**Exercise brief**
As written and without pictures, set down the lines from the one that contains "50ml Brand My" through the end of the data.

**Data extracted from a collection**
-----

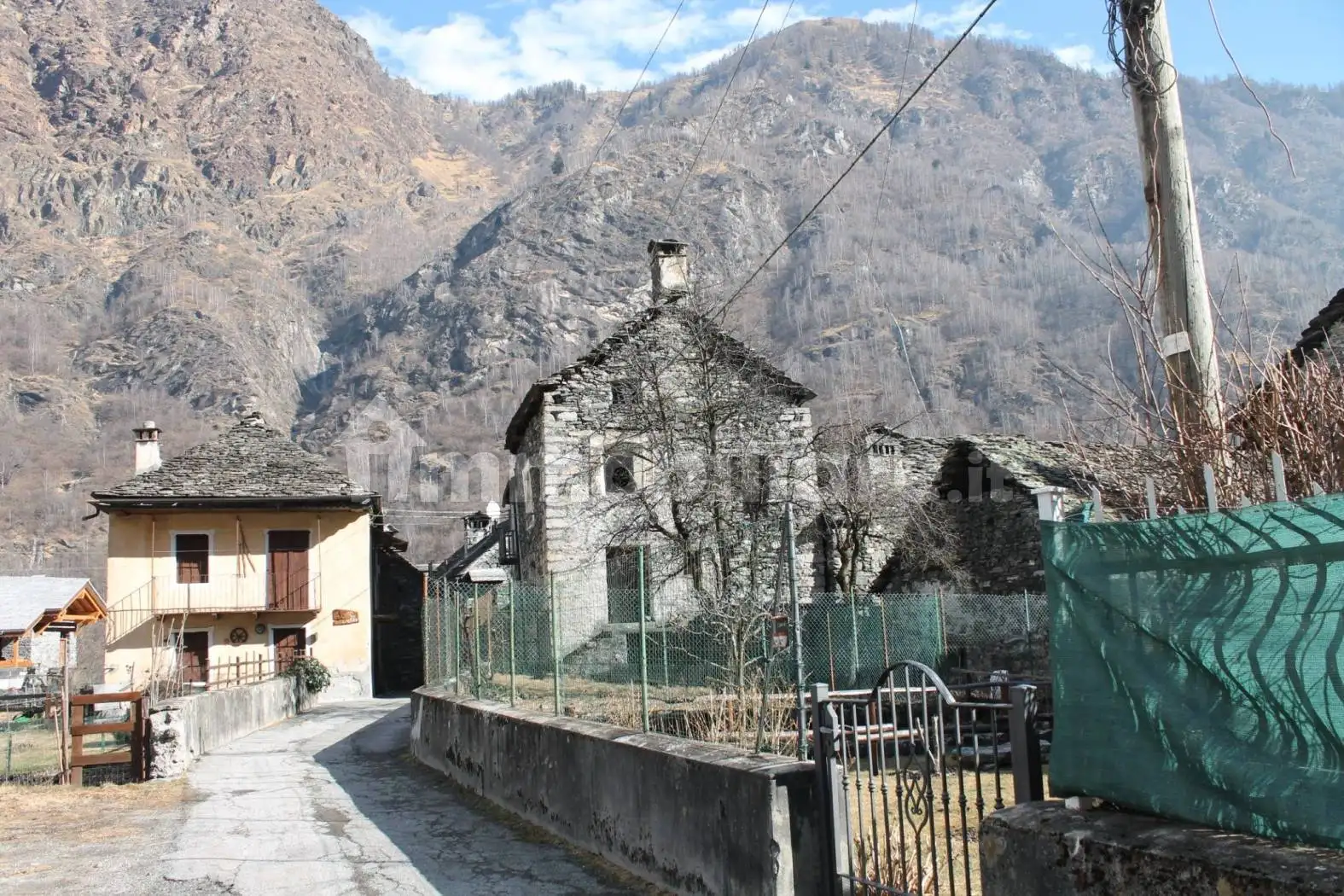 Terratetto unifamiliare frazione Rovesca, Antrona Schieranco - foto 4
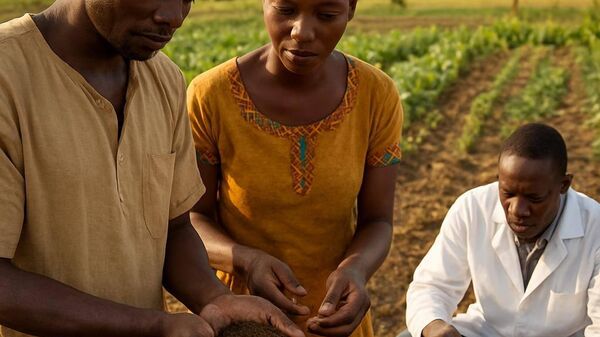 Lessons From Ethiopia, Ambitions in Nigeria: Africa’s Soil Health Moment - Sputnik Africa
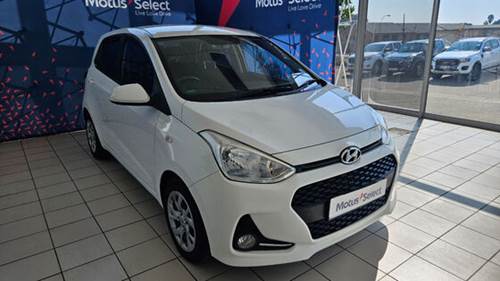 Hyundai Grand i10 1.0 Motion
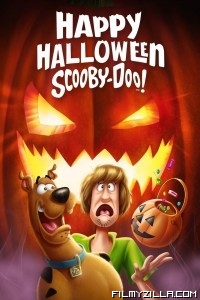 Happy Halloween Scooby Doo (2020) English Movie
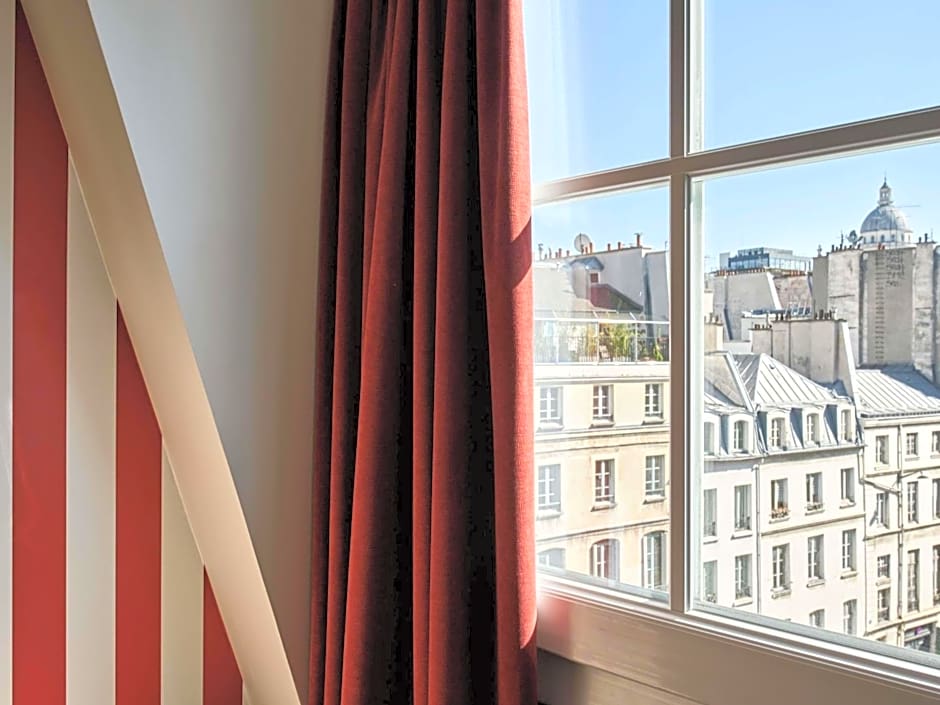 Mercure Paris Notre Dame Saint Germain des Prés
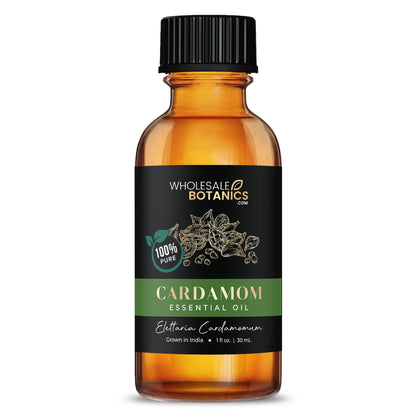 Cardamom Essential Oil
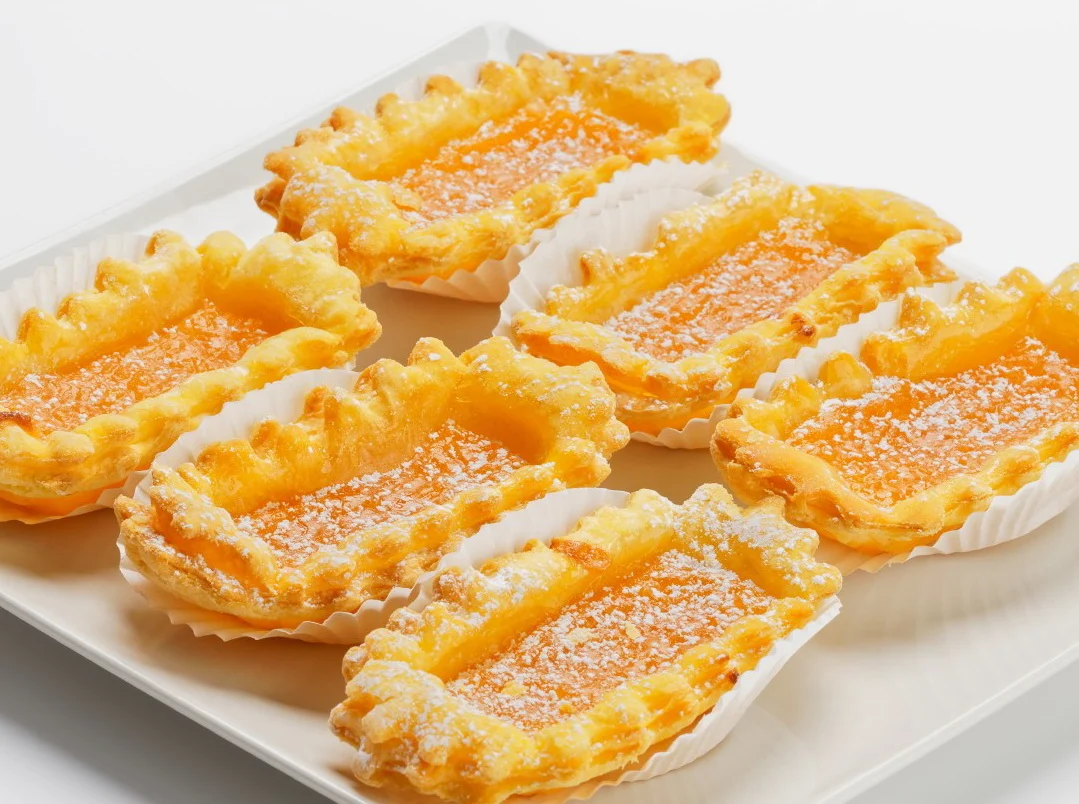 Pastel De Feiãoj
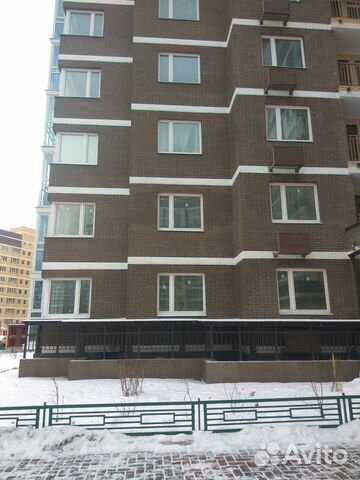 Студия, 20.5 м², 1/12 эт.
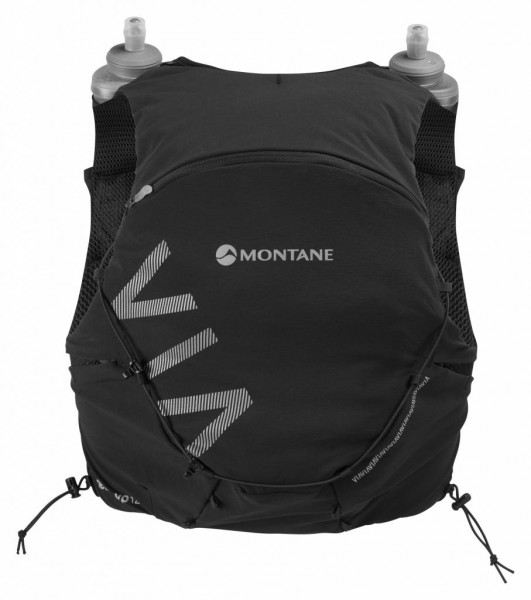 MONTANE GECKO VP 12+ Black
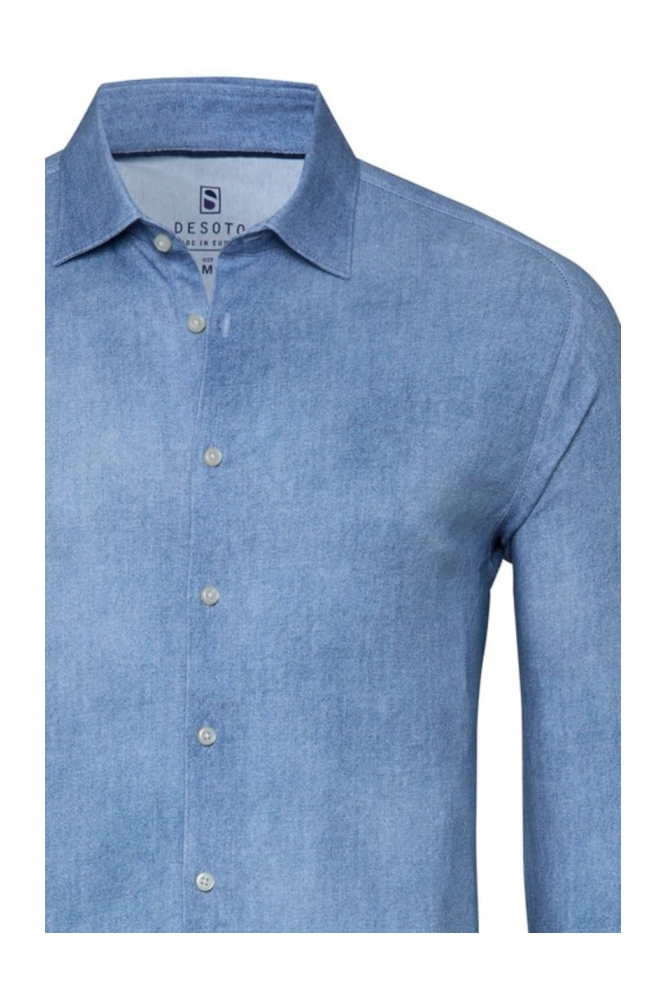 CASUAL KENT 1 1 87328 3 535 LIGHT BLUE DENIM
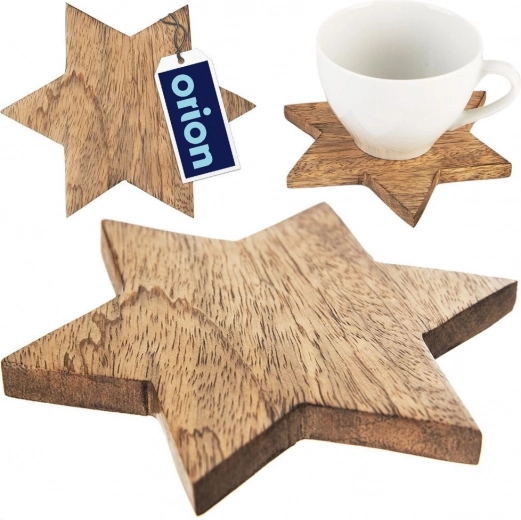 Niezawodna ochrona stołu przed ciepłem i wilgocią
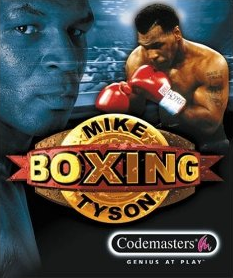 Image of Mike Tyson Boxing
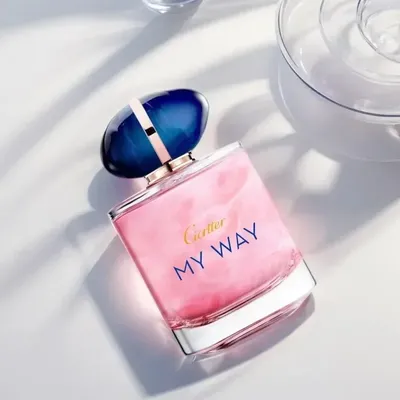 50ml Brand My Way Perfume Women Lady Wood Fragrance Lasting Strong Fragrance Perfume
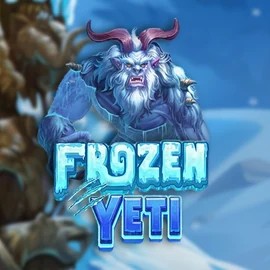 Slots logo of Frozen Yeti from BF Games at Festival Play Casino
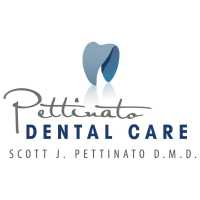 Pettinato Dental Care Inc: Scott J Pettinato DMD Logo
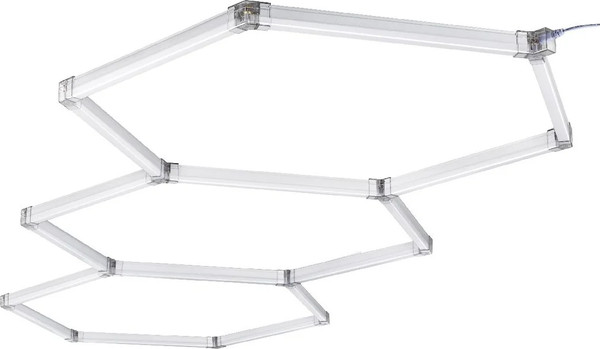 Светильник линейный LuminArte LSL05-T5W9W-C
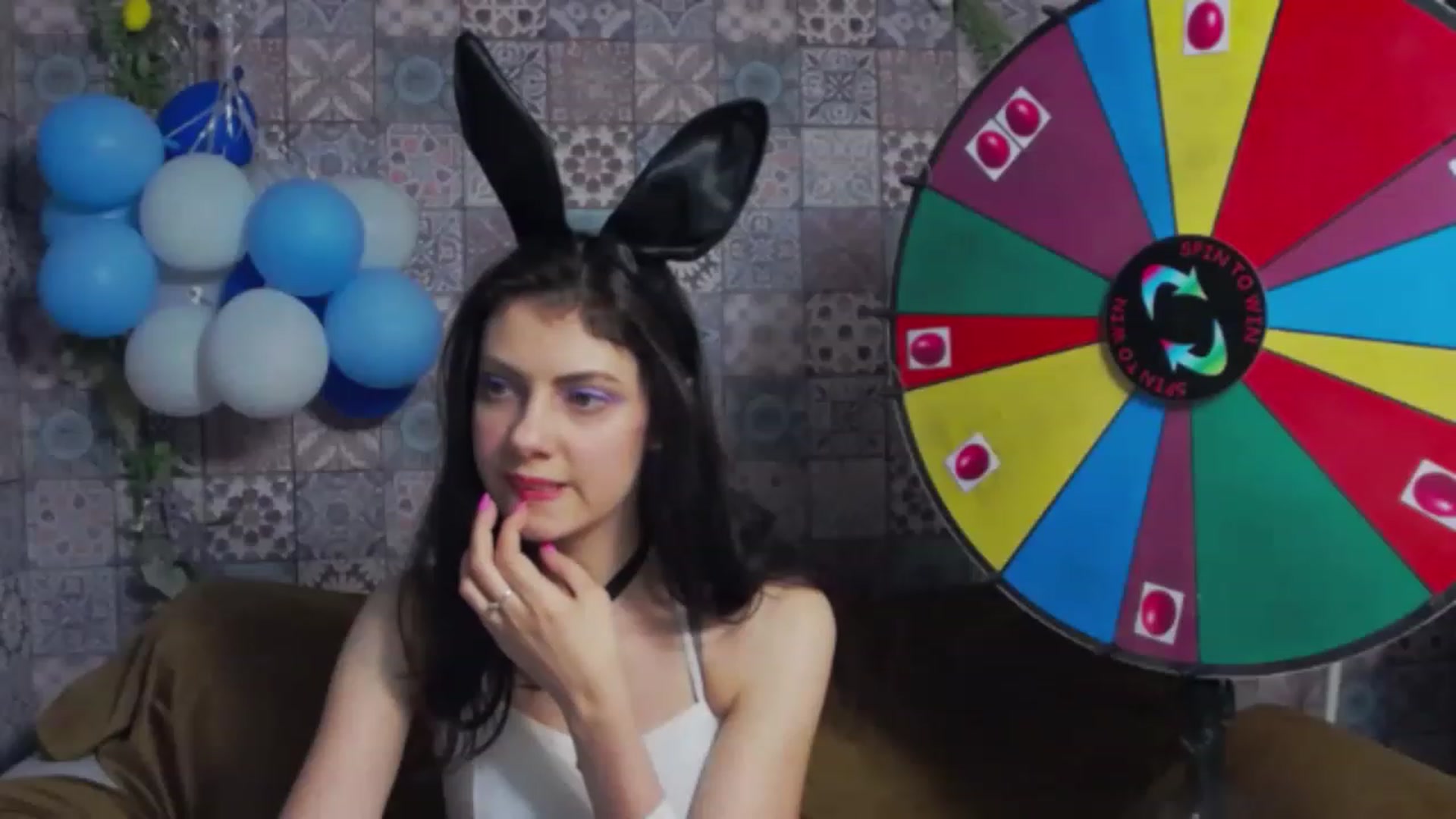 Gallery image thumbnail from MissAracely's myfreecams stream on, 04/09/2023, 23:28 image 11 of 20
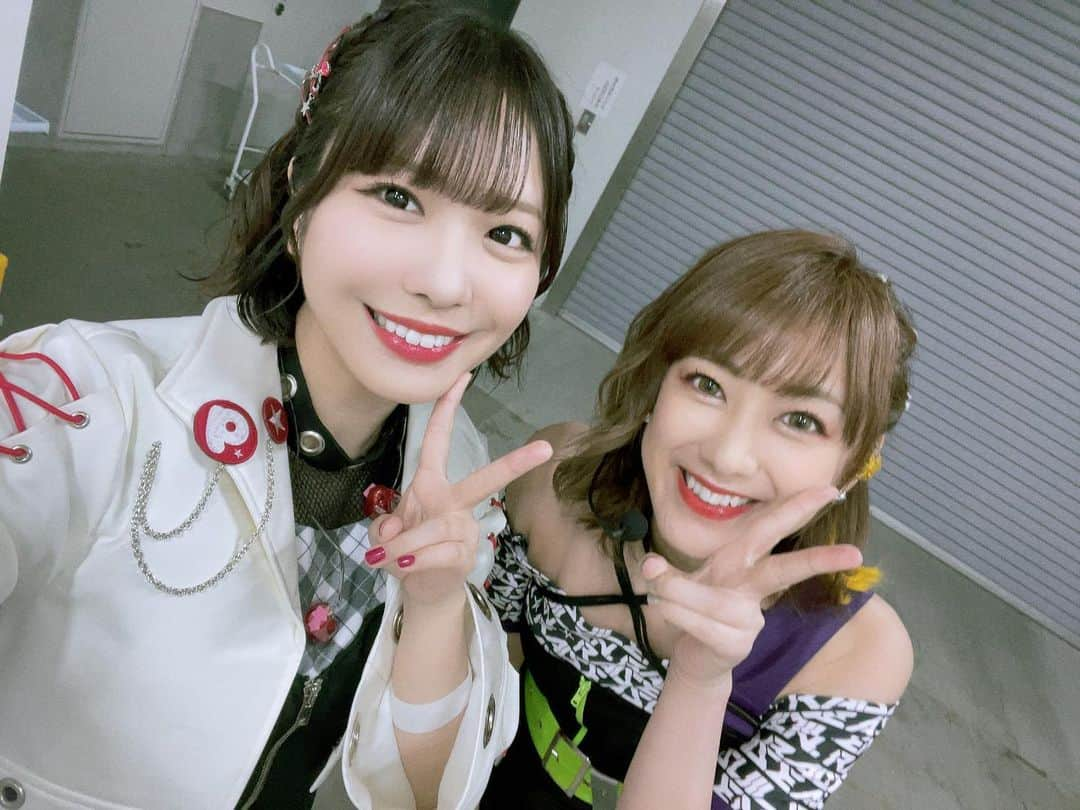 愛美のインスタグラム：「らしゅ #バンドリ11thライブ #ギャラギャラ #BanGDream #poppinparty」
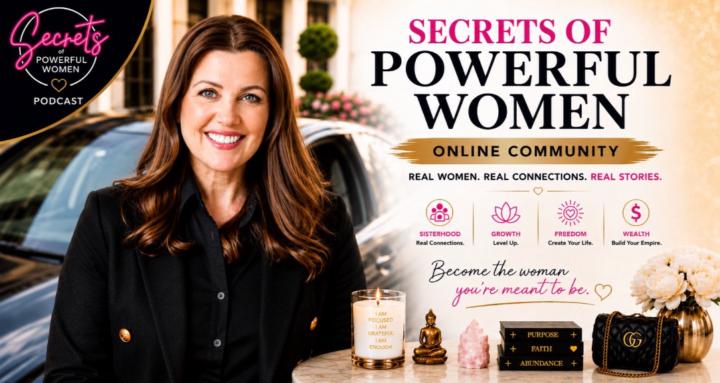Secrets of Powerful Women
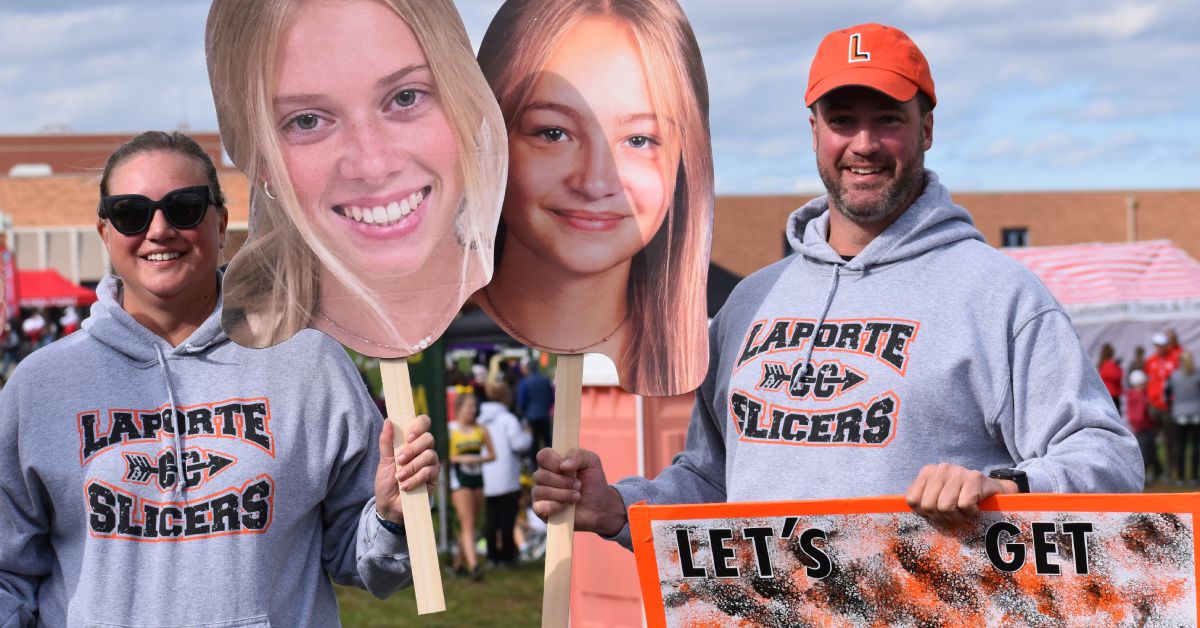 Cross country Semi-state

-----

**Completed exercise**
 50ml Brand My Way Perfume Women Lady Wood Fragrance Lasting Strong Fragrance Perfume
 Slots logo of Frozen Yeti from BF Games at Festival Play Casino
 Pettinato Dental Care Inc: Scott J Pettinato DMD Logo
 Светильник линейный LuminArte LSL05-T5W9W-C
 Gallery image thumbnail from MissAracely's myfreecams stream on, 04/09/2023, 23:28 image 11 of 20
 愛美のインスタグラム：「らしゅ #バンドリ11thライブ #ギャラギャラ #BanGDream #poppinparty」
Secrets of Powerful Women
 Cross country Semi-state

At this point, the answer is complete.